Home

Awesome

LuceneNetSqlDirectory

Store your Lucene.NET files in a SQLServer using this Directory implementation.

Why

Lucene.NET is a very powerful full text search solution with advanced 'faceted search' options. Lucene.NET stores it's metadata and inverted index using 'files', and the default implementations shipped with the framework are all file system based. However this has some major drawbacks if you want to use the solution in a clustered webfarm environment and encounter a more traditional operations division. From our experience most large scale non-devops oranizations using the MS stack tend to have an operations division that does not like shared file systems and cannot come up with decent backup strategies that are aligned with database backups.

Being fed up of having to go into discussions on shared filesystems we decided to store the index in a Microsoft SQLServer database. In contrast to the Java JDBCDirectory this implementation is only aimed at storing it in MS SQLServer 2008 or higher, using it's advanced random read/write capabilities.
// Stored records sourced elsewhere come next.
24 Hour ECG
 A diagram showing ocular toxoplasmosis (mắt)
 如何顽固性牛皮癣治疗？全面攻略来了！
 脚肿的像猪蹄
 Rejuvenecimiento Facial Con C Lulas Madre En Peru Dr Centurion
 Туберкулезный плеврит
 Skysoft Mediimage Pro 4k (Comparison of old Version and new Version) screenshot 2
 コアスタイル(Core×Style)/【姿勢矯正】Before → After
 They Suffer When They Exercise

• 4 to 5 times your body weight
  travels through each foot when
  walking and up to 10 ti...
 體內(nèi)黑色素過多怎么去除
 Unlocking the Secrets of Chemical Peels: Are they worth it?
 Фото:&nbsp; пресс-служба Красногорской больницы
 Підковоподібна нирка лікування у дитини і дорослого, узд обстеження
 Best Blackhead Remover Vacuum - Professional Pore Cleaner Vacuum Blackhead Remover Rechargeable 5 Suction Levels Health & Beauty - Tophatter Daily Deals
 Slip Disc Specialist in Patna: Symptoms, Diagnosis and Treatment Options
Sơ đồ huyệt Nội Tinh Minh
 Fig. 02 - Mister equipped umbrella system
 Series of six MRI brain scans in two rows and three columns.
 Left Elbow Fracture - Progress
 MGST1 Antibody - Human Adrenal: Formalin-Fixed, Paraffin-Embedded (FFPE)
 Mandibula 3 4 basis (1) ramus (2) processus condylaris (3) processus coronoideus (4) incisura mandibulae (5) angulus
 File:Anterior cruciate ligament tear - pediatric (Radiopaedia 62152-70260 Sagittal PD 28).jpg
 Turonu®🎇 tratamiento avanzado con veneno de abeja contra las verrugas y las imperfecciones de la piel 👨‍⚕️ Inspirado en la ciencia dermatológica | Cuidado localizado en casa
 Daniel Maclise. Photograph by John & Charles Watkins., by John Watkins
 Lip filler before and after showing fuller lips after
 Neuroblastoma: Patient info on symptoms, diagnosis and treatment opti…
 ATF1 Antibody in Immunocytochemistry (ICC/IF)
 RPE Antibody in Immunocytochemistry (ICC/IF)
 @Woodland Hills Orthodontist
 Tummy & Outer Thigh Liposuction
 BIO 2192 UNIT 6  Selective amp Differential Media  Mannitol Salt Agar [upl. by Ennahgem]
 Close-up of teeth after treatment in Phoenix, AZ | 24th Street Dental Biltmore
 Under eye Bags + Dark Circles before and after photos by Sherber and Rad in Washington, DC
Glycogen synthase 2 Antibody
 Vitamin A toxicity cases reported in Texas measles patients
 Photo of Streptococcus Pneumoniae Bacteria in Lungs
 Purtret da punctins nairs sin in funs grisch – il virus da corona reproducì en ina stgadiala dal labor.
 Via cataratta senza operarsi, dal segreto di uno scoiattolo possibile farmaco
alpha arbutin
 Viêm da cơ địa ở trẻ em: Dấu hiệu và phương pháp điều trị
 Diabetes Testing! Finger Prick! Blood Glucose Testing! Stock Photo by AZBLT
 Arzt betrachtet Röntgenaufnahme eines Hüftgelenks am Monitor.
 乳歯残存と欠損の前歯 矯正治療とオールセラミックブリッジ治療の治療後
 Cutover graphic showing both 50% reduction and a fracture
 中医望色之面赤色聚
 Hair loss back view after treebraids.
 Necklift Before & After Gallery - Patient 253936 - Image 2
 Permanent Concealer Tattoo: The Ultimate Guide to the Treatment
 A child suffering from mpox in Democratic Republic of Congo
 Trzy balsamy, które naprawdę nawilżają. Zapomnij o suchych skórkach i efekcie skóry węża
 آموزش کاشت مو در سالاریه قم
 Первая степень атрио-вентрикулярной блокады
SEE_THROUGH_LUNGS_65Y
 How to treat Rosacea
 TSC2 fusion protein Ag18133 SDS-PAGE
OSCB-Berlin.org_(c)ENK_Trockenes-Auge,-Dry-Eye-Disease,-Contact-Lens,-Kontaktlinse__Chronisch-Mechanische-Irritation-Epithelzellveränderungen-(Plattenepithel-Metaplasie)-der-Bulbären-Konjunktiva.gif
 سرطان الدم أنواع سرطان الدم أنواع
Please notice that this implementation only intends to give a solution to indexes for less than 2 GB and that for high & concurrent write and near realtime search we suggest to look at ElasticSearch or Solr or managed services such as Azure Search.

How to use

using (var connection = new SqlConnection(@"......")) {
connection.Open();

var directory = new SqlServerDirectory(connection, new Options() { SchemaName = "[search]" });
var exists = !IndexReader.IndexExists(directory);
var indexWriter = new IndexWriter(directory, new StandardAnalyzer(Lucene.Net.Util.Version.LUCENE_30),exists,new Lucene.Net.Index.IndexWriter.MaxFieldLength(IndexWriter.DEFAULT_MAX_FIELD_LENGTH));

var doc = new Document();
doc.Add(new Field("id", "1", Field.Store.YES,Field.Index.ANALYZED, Field.TermVector.NO));
doc.Add(new Field("Title", "this is my title", Field.Store.NO, Field.Index.ANALYZED,Field.TermVector.NO));
indexWriter.AddDocument(doc);

searcher = new IndexSearcher(directory);
var hits = searcher.Search(new TermQuery(new Term("Title", "find me")), 100);

The SqlServerDirectory class takes in:

  1. a connection (should be opened before because the implementation does not do any connection management such as disposing, opening or closing the given connection)
  2. an Options instance in which the user can define in which database schema the required structure can be found (default = 'dbo' and a writer lock timeout (default 10 minutes)

The required database structure can be provisioned using the following codesnippet:

using (var connection = new SqlConnection("....")){
connection.Open();
SqlServerDirectory.ProvisionDatabase(connection, schemaName: "[search]", dropExisting: true); 

Limits

  1. An individual index file cannot grow beyond 2GB.
  2. There is a single writer locking factory included that is default used.
  3. MultipleActiveResultSets should be enabled on the connection given to the SQLServerDirectory

How to compile/contribute

The codebase is currently writen in C# 6.0 and has a solution file for Microsoft Visual Studio 2015. Any contribution is welcome.